Massachusetts Times 12

Copyright, The New York Times Company

The Affordable Care Act was intended to expand the fraction of the United States population covered by health insurance. The law includes taxes on employers and various implicit taxes on employees that go into effect over the next two years. Economic theory suggests that such taxes will contract the labor market in an amount commensurate with the amount of the new taxes.

The federal government and other advocates of Obamacare have dismissed concerns that the coming labor market contraction would be significant, or even noticeable, by pointing to Massachusetts’s experience with its so-called Romneycare system, also designed to expand insurance coverage. Because the Massachusetts labor market did not noticeably contract relative to the rest of the nation after its system went into effect, an official of the federal Department of Health and Human Services told The Washington Examiner that the experience in Massachusetts suggested “that the health care law will improve the affordability and accessibility of health care without significantly affecting the labor market.”

Prof. David Cutler of Harvard recently addressed, on this blog, concerns about possibly adverse tax effects, saying, “Additional data from Massachusetts, where a state law was the precursor to the Affordable Care Act, suggests that the fears are overblown” and “at this point the evidence overwhelmingly suggests no need for major worry.”

This position assumes that the Massachusetts system increased marginal labor income tax rates in the state by roughly the same magnitude that the Affordable Care Act will increase them in the United States (by marginal labor income tax rate, I mean the extra taxes paid, and subsidies forgone, as the result of working, expressed as a ratio to the total compensation from working). This assumption is no longer necessary, because the methods I have used to measure marginal tax rates from the American Recovery and Reinvestment Act of 2009, unemployment insurance expansions and the Affordable Care Act can also be applied to the Massachusetts health reform law. The results are shown in the chart below.

The left bar shows that the Massachusetts law did, on average, increase marginal tax rates and thereby reduce the reward to working. But the impact was well under one percentage point, and for that reason it’s probably not surprising that, relative to other states that were not experiencing health reform, the Massachusetts labor market did not change noticeably after the law went into effect.

The right bar shows the impact of the Affordable Care Act on nationwide marginal tax rates: it increases national rates about 12 times as much as the Massachusetts law increased rates. Earlier this year I explained why the Massachusetts law was so different from a tax perspective: among other things, its employer penalty is an order of magnitude less, the state’s population is not the same as the national population, and Massachusetts had already been helping unemployed people with health insurance.

It follows that the effect of the Affordable Care Act on employment and work hours would be roughly 12 times as great as the effect of the Massachusetts law.
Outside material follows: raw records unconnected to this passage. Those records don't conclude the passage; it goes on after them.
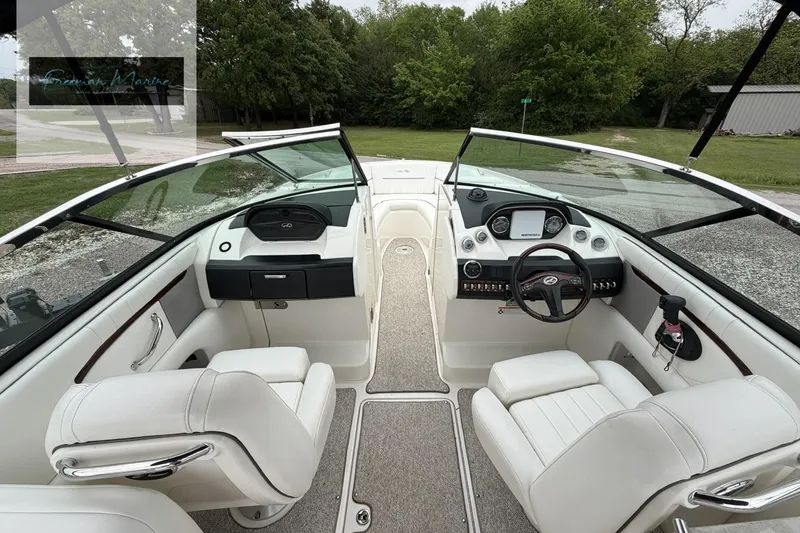 Slide: The Image of 2008 Sea Ray 270 SLX boat interior with white seating and modern dashboard. - 10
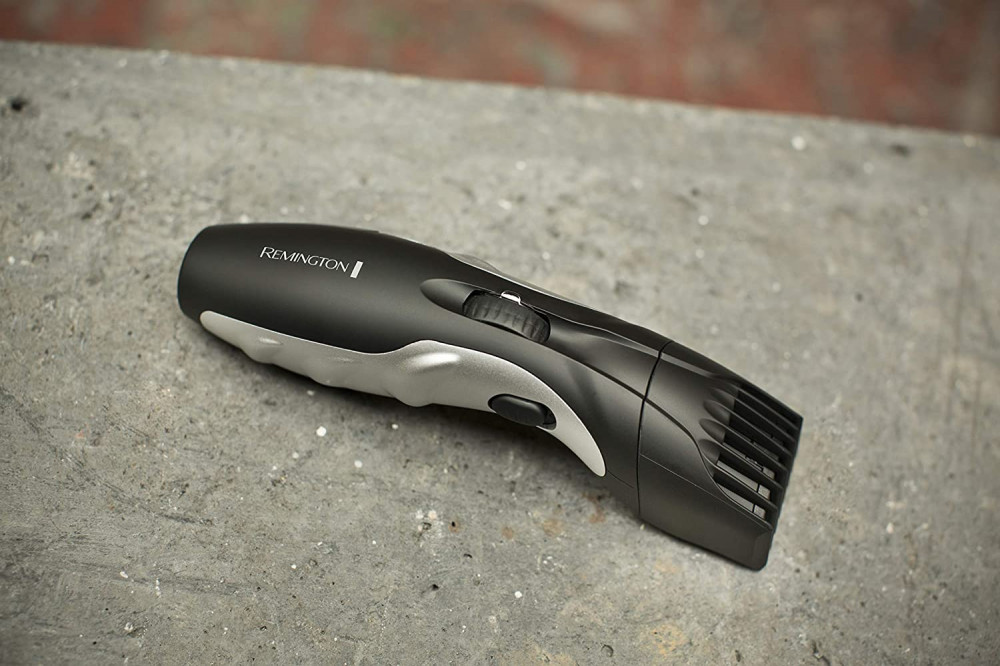 Fekete-szürke hajvágó szürke felületen. Remington logóval és tárcsával.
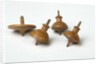 Miniature spinning tops by Unknown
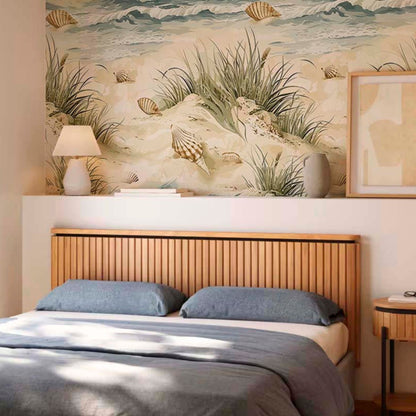cat-610567389512 A modern bedroom with a serene coastal aesthetic. A large wallpaper mural behind the bed depicts sand dunes, seagrass, and seashells in soft beige and green tones. Below the mural, a light wood slatted headboard sits behind a bed dressed in blue-grey pillows and a matching comforter. A white lamp, books, and a grey vase rest on a shelf above the bed.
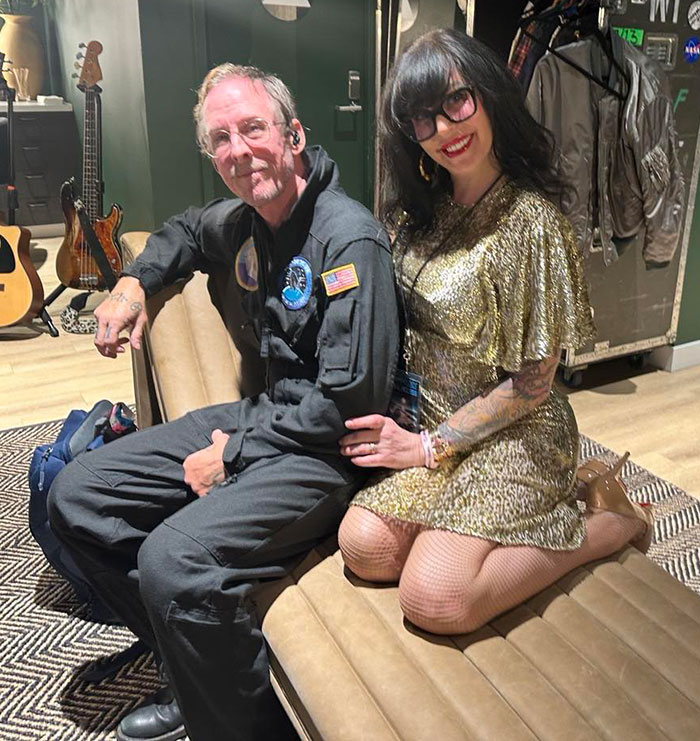 Man and woman sitting on a couch in a music studio, with guitars visible in the background.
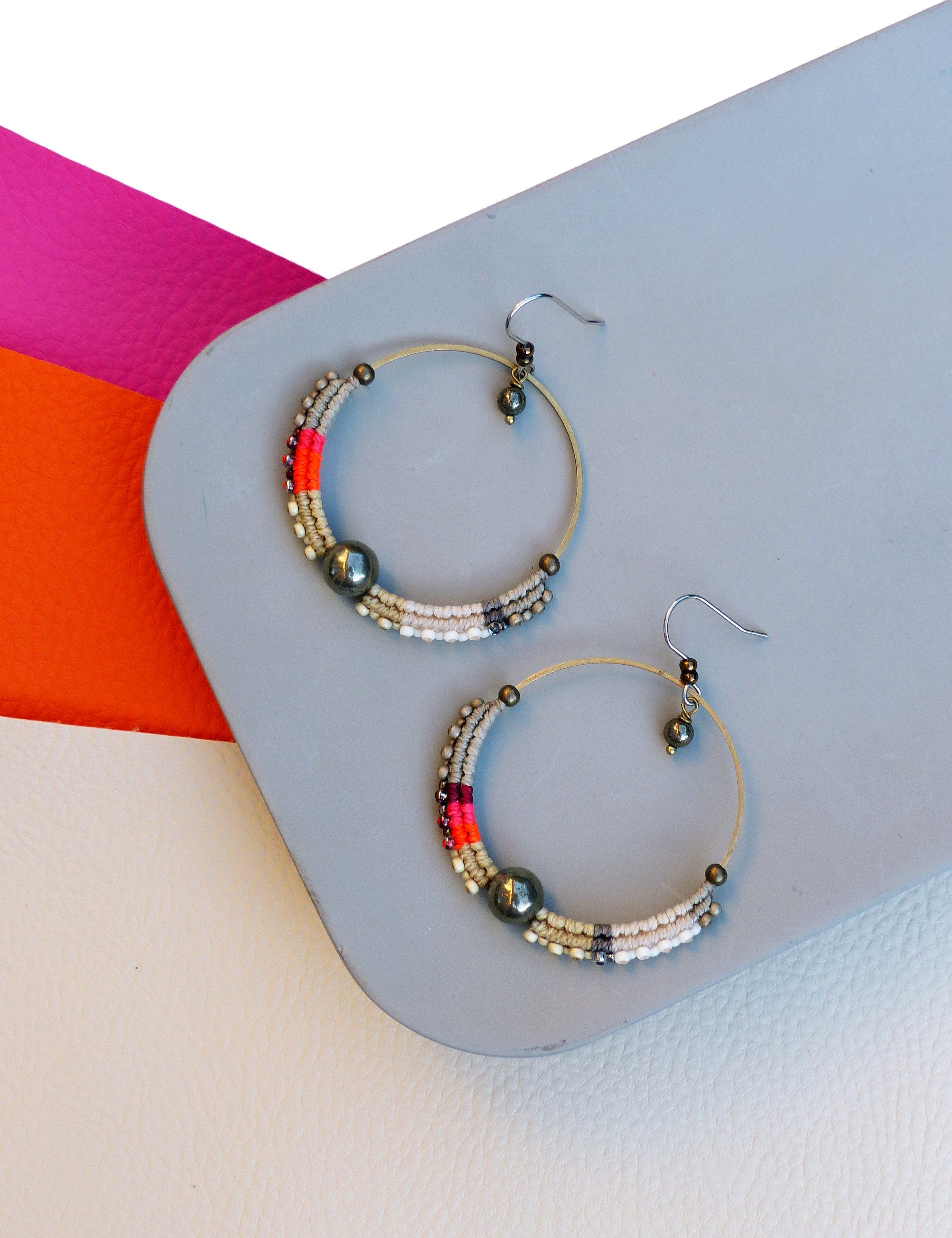 Peut inclure: Paire de boucles d'oreilles créoles avec une monture en métal doré. La moitié inférieure de chaque boucle est ornée d'un motif de petites perles blanches, grises, rouges et noires. Une grosse perle gris foncé est centrée sur chaque boucle.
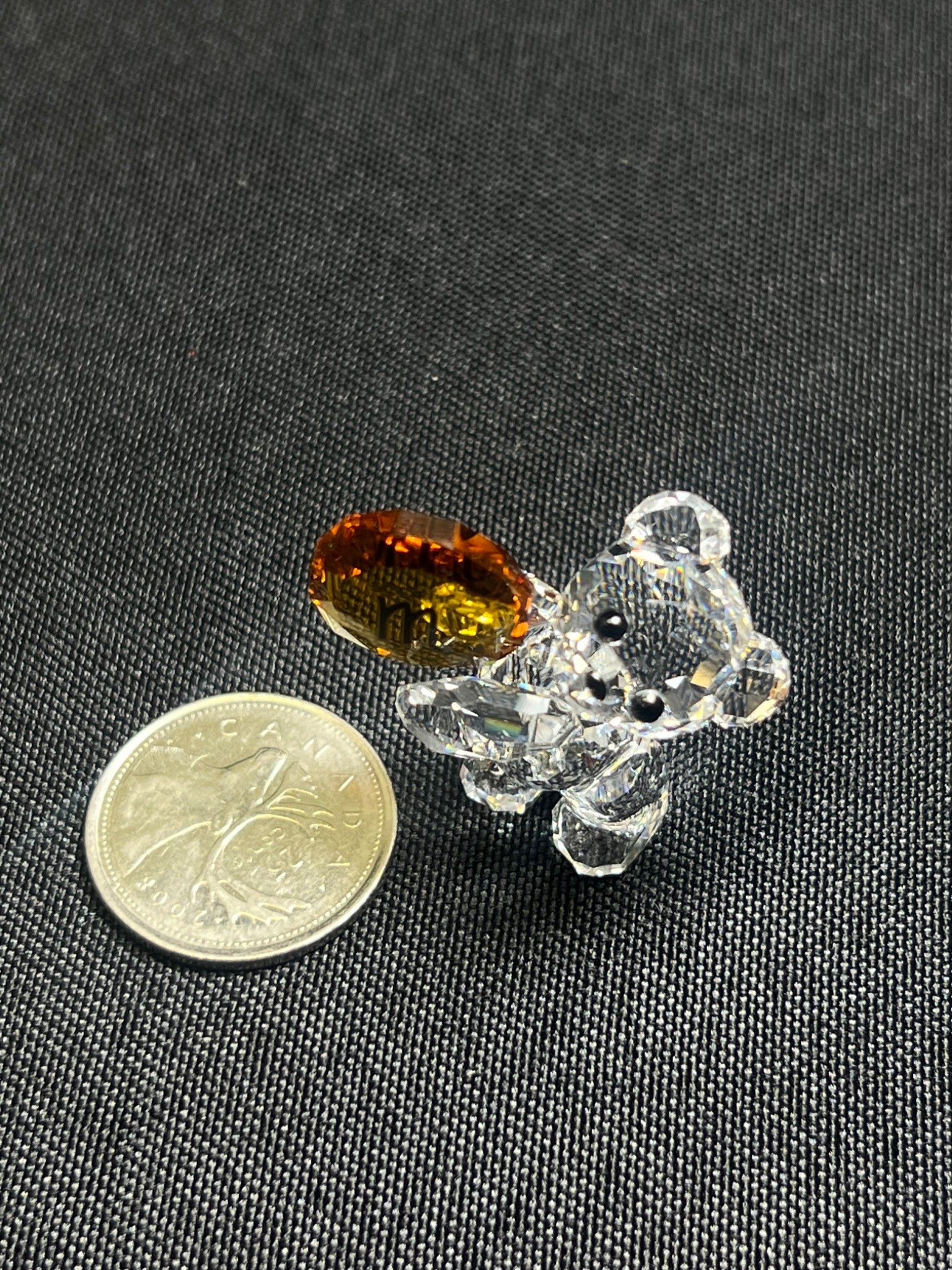 Small crystal bear figurine with a brown gemstone next to a coin on a black background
That doesn’t by itself tell us the exact impact of the national law because we don’t have a precise estimate of the impact in Massachusetts, except that it was small. For example, if the Massachusetts law reduced employment by 0.1 percent, the Affordable Care Act’s effect would be roughly 1.2 percent; not small. If the Massachusetts law’s effect were 0.25 percent (still small), the Affordable Care Act’s effect would be 3 percent: again, not small. The bottom line was that it was wrong to expect the two laws to have had the same effects.

Call me gloomy, but I’m one economist who thinks that adding, on average, five percentage points to marginal tax rates will noticeably depress the labor market, while adding a few tenths of a point in Massachusetts did not.